Zigarettenpause in der Konzertpause
"Pöngse" Jürgen Krutzsch übergibt zum 1.4.18 seine Kneipe ALT WERDOHL an Markus Niggemann, der als neuer Wirt fungiert.
 
Die Kultkneipe geht bis in den Beginn der 70er Jahre zurück. Pöngse erbte die Kneipe von seinem Vater. Da er selbst auch Musiker und generell Musikbegeistert war, wurden ab 1986 die ersten Konzerte veranstaltet. Eine genaue Anzahl lässt sich nicht mehr ermitteln. Es müssen aber weit über 500 Acts gewesen sein.
 
 
Ich selbst habe in den letzten 10 Jahren einige gute Konzerte vor Ort erlebt.  So wollen wir hoffen, dass auch langfristig weiterhin gute Konzerte der Blues- und Rockszene veranstaltet werden.

Sonntag, 8. April 2018

Demo gegen die L 707 Sperrung

Die Sperrung der L 707 für Motorräder ab Karfreitag über die Nordhelle ist in den heimischen Medien im Moment in aller Munde.
 
 
Alle möglichen Kontrollen der Polizei in der Vergangenheit haben leider nicht geholfen, dass die Knieschleipferfraktion ihre Rennen auf der Nordhelle einstellte.  
 
 
Jetzt büßen alle Motorradfahrer für vielleicht 5 - 10 % der uneinsichtigen Fahrer. Gerechtigkeit ist natürlich etwas anderes.
 
Die Strecke wird ja gerade auch am Wochenende von vielen Motorradfahrern aus dem Ruhrgebiet oder den Niederlanden genutzt. Man stelle sich vor, die Hauptstrecke nach Winterberg würde geschlossen. Woher sollten dann für machen Hotelier oder Gaststätte die Einnahmen der Motorradfahrer kommen.  Aber der HSK Kreis scheint da entspannter voran zu gehen.
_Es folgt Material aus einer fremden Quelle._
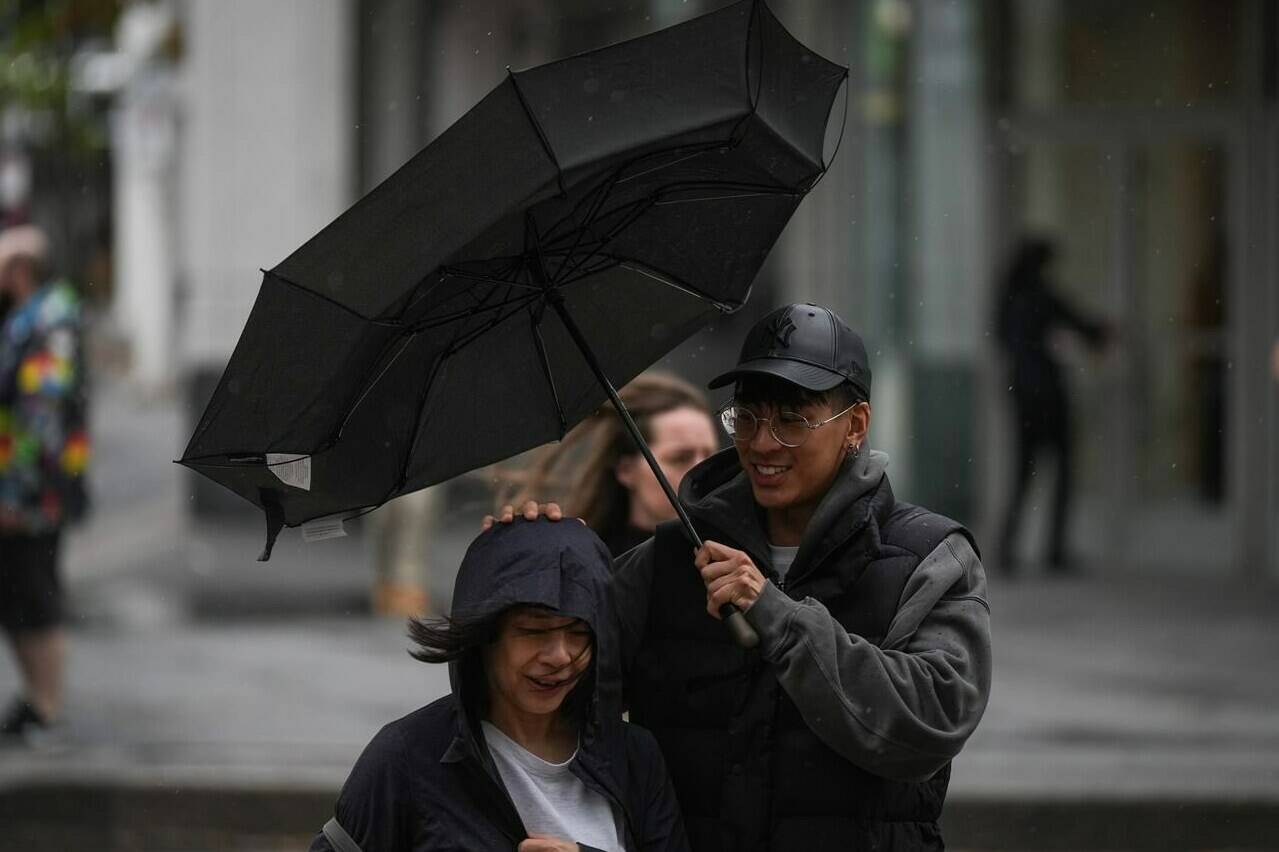 A man struggles with an umbrella in the wind as rain falls in Vancouver, on Monday, Sept. 25, 2023. THE CANADIAN PRESS/Darryl Dyck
Der Bundesverband der Motorradfahrer e.V. strebt eine Klage an. Das wird vermutlich in dieser Saison das Verbot nicht mehr zurücknehmen.
 
 
Aber als erstes wurde eine Demofahrt am heutigen Sonntag von Lindlar aus organisiert. Im Rahmen des Oberbergischen Anlassens kam es zu dieser Demofahrt. Es kam danach  zu der Abschlusskundgebung am Wanderparkplatz unterhalb der Nordhelle. (Von Herscheid kommend)
Man hatte mit 500 - 600 Fahrern gerechnet. Aber Dank des Wetters, sollen gut und gerne rund 1800 Motorräder vor Ort gezählt worden sein. Ein erster Erfolg.
Aber dauerhaft kann man nur an die unverbesserliche Knieschleipferfraktion appellieren, dass sie sich offizielle Rennstrecken für ihr Hobby suchen sollten, auch wenn das Geld kosten wird.
 
Aber sonst werden alle Motorradfahrer in Verruf gebracht.  Und das Mopedfahren ist ja nun auch ein schönes und entspannendes Hobby.


Lighthouse No. 7


Vermutlich gibt es auch einen Leuchtturm mit diesem Namen. Aber bei "Lighthouse No. 7" handelt es sich um eine relativ "neue" Coversongformation aus dem Großraum Kleve.
 
Dankbar bin ich darüber, dass ich vor ca. 2 Jahren den Bassisten auf einem Motorradtreffen kennenlernen konnte. Jetzt kam es zu einem Konzert im Siegerland innerhalb der Motorradszene.
 
In der Tat bekam ich eine Gänsehaut wenn Sängerin und Gitarristin Dunja Übach zur Harp griff. Ich nenne nur 2 Songs von diesem Abend, die mein Herz höher schlagen ließen. "Heart of Gold" von Neil Young und "The River" vom Boss Bruce Springsteen.
 
Gerd und Dunja Übach
Dazu kamen Songs von Tom Petty, Traveling Wilburys,

CCR und Amy Macdonald.



Michael Liffers
Aus den Niederlanden kommt der Sänger Twan Blonk hinzu. Am Bass zupft Gerd Übach, der auch den Gesang ergänzt.

Der etatmäßige Drummer Christian Wimmer war verhindert. Es half ein Kollege von "Cross Tie Walker" aus.


Ein toller Abend in Sachen Folk, Rock und Blues ging zu Ende. Die 60er bis 80er Jahre habe es Songmäßig in sich, aber das ist vermutlich nur meinem Alter geschuldet.